Data shown:
------
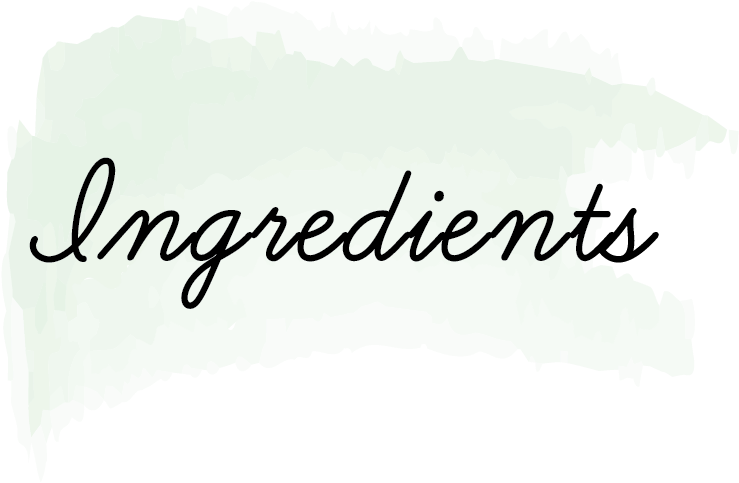 Ingredients Splotch@2x - Mast Cell Activation Syndrome (864x576), Png Download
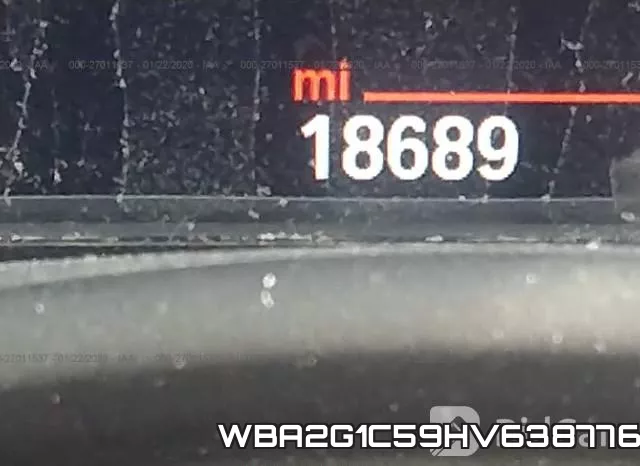 WBA2G1C59HV638776 фото 6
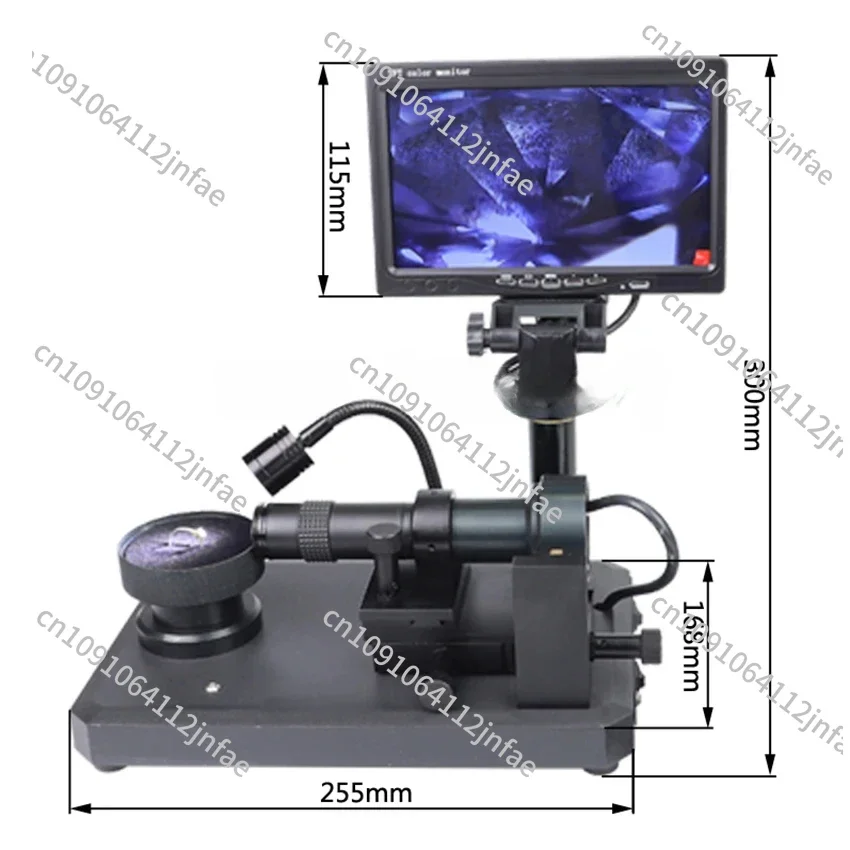 7" Lcd Digital Micr…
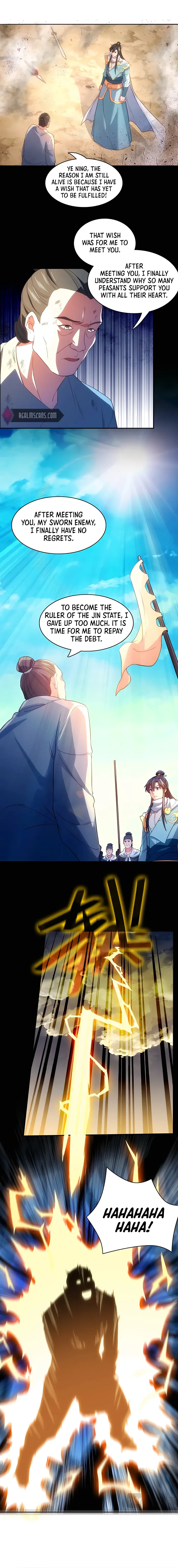 If I Die, I will Be Invincible Chapter 103 - Page 1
------
Task:
Restate every line above word for word. Do not carry over the images.

Answer space:
 Ingredients Splotch@2x - Mast Cell Activation Syndrome (864x576), Png Download
 WBA2G1C59HV638776 фото 6
 7" Lcd Digital Micr…
 If I Die, I will Be Invincible Chapter 103 - Page 1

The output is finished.